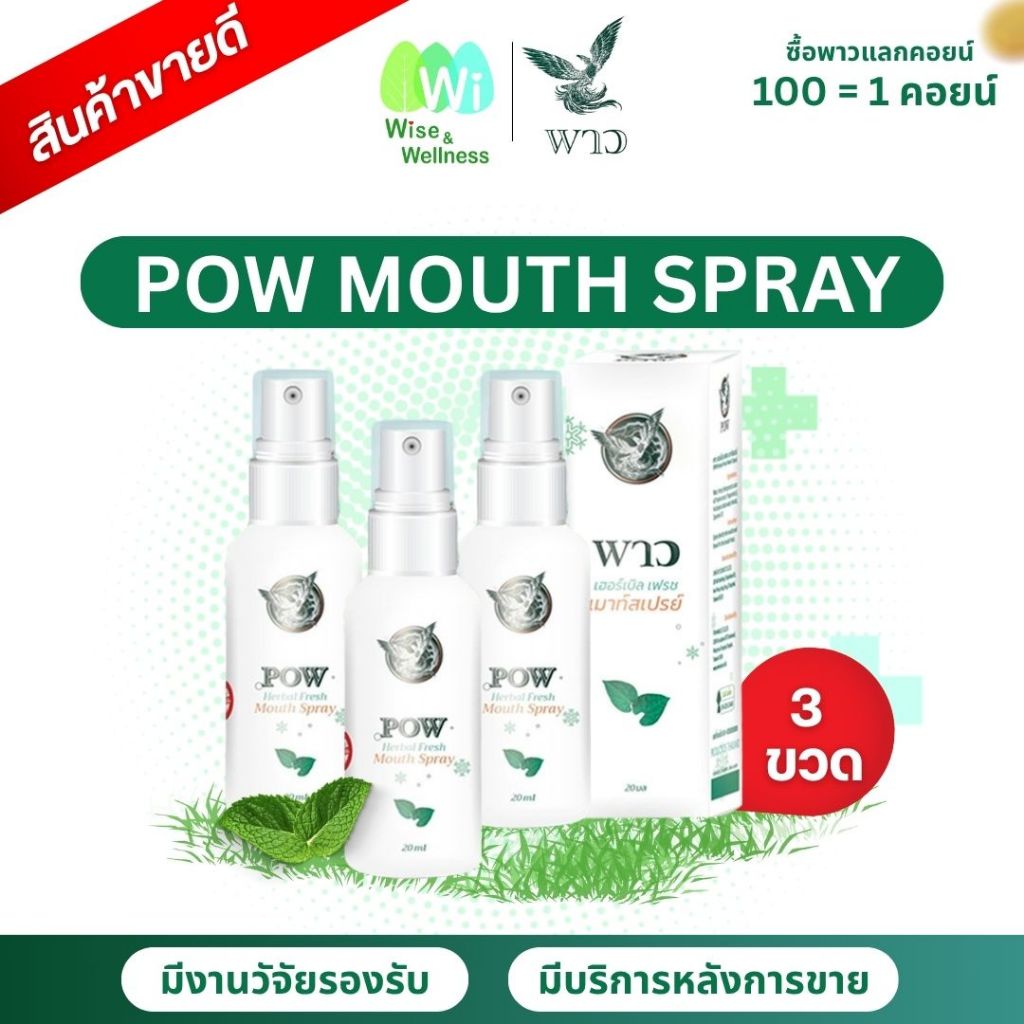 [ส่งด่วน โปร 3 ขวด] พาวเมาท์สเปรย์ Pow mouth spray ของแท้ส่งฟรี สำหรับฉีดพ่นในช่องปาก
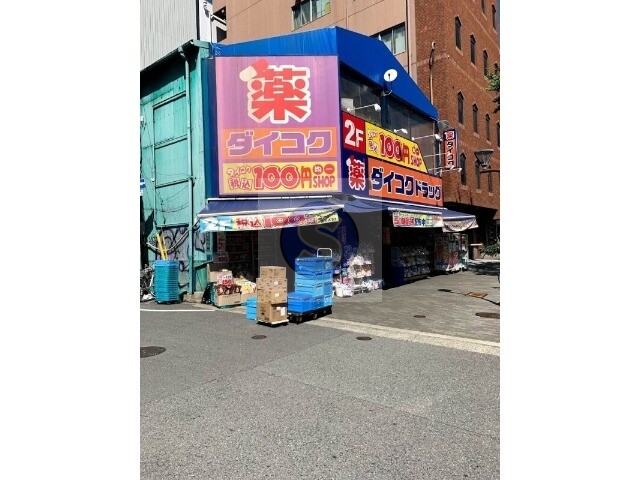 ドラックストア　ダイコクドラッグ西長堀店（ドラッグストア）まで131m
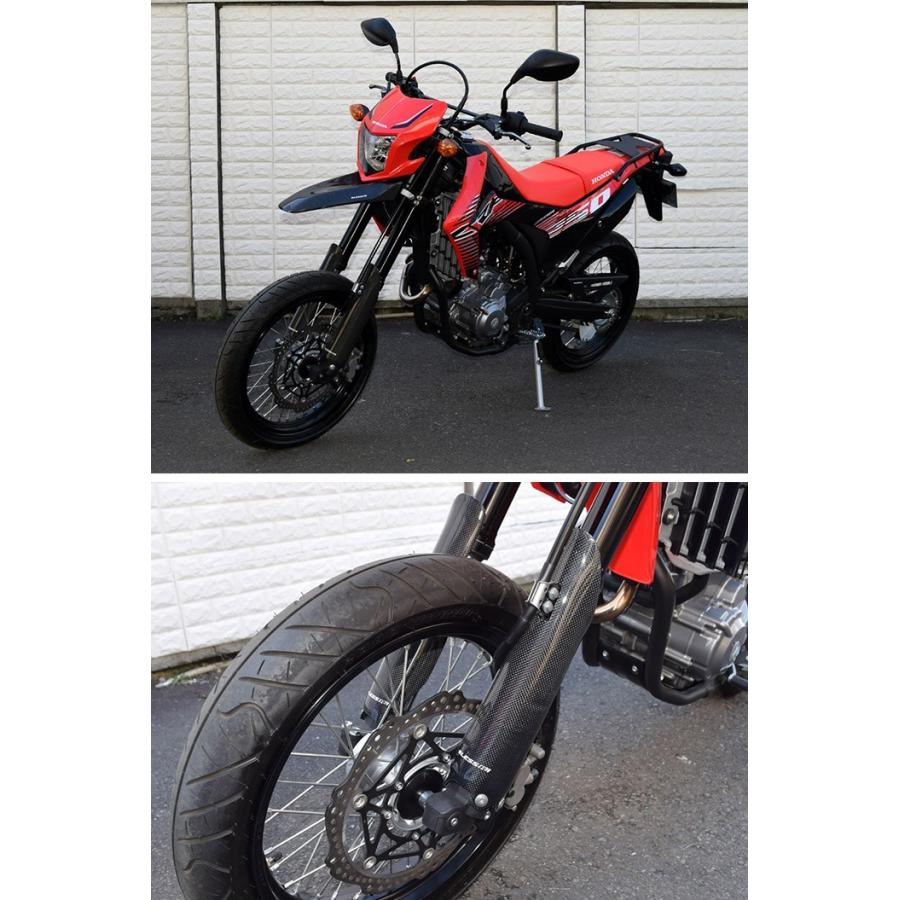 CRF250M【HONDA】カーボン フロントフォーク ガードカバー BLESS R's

▸ Task to carry out
Word for word, restate the material above; do not carry over the pictures.

▸ Your response
 [ส่งด่วน โปร 3 ขวด] พาวเมาท์สเปรย์ Pow mouth spray ของแท้ส่งฟรี สำหรับฉีดพ่นในช่องปาก
 ドラックストア　ダイコクドラッグ西長堀店（ドラッグストア）まで131m
 CRF250M【HONDA】カーボン フロントフォーク ガードカバー BLESS R's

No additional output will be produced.